Under the scheme being examined by the commission, the export ban would be lifted on all animals born in Scotland and the rest of the country after August 1, 1996 - the date from which the Government managed to convince its partners that meat and bone-meal was no longer fed to cattle throughout the whole of the UK.

However, before exports can be resumed, the scheme must be formally approved by the commission and endorsed either by senior national vets or, more probably, by EU agriculture ministers.

''Under the most optimistic scenario, this could theoretically be done well before the summer break. The commission could formally adopt the proposal in mid-June and it could then be approved by farm ministers the following week,'' explained one senior EU official.

But even he acknowledged that it was unlikely exports would resume so quickly. One of the main obstacles the Government will have to overcome before the beef industry can start regaining the export markets it has lost over the past two years will be Germany.

It has been strong pressure from German consumers which has prevented any relaxation of the ban since it was imposed.
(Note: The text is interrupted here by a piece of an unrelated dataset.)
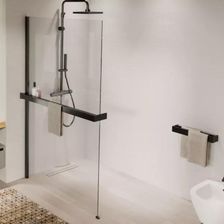 Zdjęcie Novellini Frame 120cm R80KUFRHD12SH - Rybnik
And with the country facing a general election in September, the German government is reluctant to agree anything which could lead to a public backlash.

Northern Ireland has stolen a march on the rest of the UK since it is the only part of the country which has an official computerised system which contains the records and can trace the movements of every animal throughout its life.

From Monday, the beef industry will be able to export meat from cattle over six months and under 30 months in age which comes from herds where there has been no single case of BSE for the past eight years.